Mankell was talking about Bergman in an interview with Le Nouvel Observateur, pegged to the French release of The Troubled Man -- apparently the final Wallander novel (at last!). At one point the interviewer says to Mankell that the characters in Depths are depressive, and asks if that's a trademark of Scandinavian literature, from Strindberg to Hamsun:
If you want really melancholy literature, check out Portugal! I'm not sure melancholia is a dominant trait of Swedish or Scandinavian literature. That's a myth spread by the movies of my father-in-law, Ingmar Bergman. He often joked that it was all his fault! But there's an inherent melancholia to an Europe that's searching for itself right now.
Q: What did you talk about with Bergman?
We were very close.
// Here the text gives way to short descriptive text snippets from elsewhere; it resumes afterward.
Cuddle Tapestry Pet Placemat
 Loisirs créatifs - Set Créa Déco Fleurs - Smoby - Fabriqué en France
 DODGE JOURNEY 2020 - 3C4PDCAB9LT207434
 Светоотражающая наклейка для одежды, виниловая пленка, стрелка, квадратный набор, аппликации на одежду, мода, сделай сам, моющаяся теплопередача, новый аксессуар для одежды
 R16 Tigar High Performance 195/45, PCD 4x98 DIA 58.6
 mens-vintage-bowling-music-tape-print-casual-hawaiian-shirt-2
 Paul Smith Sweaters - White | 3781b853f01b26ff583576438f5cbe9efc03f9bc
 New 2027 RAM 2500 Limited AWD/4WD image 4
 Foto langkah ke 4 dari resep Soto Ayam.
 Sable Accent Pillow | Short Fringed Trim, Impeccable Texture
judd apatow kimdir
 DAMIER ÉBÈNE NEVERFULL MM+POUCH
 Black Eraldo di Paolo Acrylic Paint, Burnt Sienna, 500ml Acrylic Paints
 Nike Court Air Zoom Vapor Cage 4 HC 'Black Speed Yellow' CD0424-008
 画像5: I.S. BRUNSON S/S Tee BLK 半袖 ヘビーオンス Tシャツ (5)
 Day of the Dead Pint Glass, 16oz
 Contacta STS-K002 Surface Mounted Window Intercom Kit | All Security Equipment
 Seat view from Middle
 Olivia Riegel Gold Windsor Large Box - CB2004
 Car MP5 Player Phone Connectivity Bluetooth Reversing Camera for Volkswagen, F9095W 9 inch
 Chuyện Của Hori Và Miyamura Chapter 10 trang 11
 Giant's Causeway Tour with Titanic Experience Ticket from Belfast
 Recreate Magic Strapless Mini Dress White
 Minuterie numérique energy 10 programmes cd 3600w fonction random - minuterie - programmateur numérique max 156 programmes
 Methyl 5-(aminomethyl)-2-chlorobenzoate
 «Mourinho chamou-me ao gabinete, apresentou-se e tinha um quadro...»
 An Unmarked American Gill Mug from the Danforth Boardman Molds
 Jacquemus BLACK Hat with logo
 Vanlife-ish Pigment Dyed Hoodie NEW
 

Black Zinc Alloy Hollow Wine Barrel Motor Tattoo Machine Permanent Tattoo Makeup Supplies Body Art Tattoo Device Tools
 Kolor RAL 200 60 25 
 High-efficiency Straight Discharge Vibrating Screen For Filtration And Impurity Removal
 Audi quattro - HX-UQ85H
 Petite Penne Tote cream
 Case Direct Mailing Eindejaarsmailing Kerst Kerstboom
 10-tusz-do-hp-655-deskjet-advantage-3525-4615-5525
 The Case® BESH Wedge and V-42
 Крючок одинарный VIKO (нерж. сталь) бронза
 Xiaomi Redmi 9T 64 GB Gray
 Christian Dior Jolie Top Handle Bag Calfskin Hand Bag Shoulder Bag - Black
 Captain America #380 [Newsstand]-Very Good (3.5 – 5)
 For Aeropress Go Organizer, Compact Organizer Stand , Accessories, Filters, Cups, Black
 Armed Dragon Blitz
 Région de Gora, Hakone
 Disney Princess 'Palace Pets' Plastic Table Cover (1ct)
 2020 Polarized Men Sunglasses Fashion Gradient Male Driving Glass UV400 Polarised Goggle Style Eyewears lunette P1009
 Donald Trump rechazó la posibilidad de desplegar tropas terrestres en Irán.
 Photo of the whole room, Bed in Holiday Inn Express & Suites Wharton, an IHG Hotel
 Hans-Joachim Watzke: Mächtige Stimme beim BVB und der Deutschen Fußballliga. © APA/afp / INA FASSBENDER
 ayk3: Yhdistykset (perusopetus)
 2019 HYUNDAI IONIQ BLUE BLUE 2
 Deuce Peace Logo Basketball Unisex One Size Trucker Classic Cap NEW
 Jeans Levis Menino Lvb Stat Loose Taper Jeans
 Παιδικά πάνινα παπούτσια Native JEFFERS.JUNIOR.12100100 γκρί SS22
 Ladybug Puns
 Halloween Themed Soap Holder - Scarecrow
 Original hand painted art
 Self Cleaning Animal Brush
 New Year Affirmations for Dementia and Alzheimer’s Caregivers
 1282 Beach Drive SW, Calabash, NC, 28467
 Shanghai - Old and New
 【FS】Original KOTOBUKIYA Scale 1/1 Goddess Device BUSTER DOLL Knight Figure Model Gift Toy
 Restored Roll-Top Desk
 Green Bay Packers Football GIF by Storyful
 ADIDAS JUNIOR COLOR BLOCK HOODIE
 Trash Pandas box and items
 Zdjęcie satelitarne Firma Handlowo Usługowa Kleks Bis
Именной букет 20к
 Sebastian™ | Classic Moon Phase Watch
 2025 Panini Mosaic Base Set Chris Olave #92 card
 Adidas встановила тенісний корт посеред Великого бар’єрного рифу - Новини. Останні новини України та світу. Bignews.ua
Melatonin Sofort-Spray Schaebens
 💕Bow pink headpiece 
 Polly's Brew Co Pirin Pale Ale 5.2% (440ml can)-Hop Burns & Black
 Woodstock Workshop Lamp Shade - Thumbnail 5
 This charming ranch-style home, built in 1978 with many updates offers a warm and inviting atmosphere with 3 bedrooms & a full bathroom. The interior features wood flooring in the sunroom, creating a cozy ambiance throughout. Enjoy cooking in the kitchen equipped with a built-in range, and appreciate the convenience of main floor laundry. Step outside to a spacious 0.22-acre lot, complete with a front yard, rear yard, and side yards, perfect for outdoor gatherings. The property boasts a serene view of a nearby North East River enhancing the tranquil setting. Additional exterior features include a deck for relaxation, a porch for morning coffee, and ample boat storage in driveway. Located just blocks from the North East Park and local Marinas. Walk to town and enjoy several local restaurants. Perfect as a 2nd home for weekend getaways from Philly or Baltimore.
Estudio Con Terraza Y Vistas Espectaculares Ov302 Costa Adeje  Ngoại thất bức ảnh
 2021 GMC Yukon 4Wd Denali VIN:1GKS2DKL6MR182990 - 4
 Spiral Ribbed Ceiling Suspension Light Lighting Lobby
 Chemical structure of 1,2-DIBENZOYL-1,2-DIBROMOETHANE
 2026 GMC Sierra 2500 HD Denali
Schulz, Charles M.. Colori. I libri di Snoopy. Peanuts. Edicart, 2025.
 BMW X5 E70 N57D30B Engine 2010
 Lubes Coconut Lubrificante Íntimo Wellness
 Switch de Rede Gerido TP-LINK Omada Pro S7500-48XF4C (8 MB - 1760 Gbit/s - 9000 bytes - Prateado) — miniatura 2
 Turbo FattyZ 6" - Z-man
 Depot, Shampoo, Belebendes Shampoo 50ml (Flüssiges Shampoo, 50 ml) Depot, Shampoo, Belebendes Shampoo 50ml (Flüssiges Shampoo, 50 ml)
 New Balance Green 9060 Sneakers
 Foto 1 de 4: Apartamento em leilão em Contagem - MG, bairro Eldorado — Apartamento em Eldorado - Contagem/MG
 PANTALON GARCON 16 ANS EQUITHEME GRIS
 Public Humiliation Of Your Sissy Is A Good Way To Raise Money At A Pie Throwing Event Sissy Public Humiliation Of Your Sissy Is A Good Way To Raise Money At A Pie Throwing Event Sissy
The last few years, I was one of the last people he stayed in touch with. We chatted a lot, mostly about music. You can talk about music in a thousand different ways. And he had his own little cinema. We watched about 150 movies together: silent classics as well as recent films. It was always thrilling to hear his comments. He was the first one to read my plays. I miss him a lot.
Q: Can you name a specific memory?
He was very happy that I joined him in loving Hour of the Wolf, one of his most underrated, most misunderstood movies. I think I represented the brother he never had. The last time I saw him was a few days before his death. I knew he was dying. And in fact he died at the hour of the wolf, between 4 and 5am -- allegedly the time when people are born or die.
2 comments:
Curious if you have an opinion on the PBS/BBC/Branagh "Wallander" adaptation. In particular, the effect of the English-speaking Sweden.
I've tried to watch a couple of episodes and lost interest halfway through. It's not so much the English-speaking Sweden (though that was weird enough) as the particular Wallander pace, which works better for me in a novel than on TV.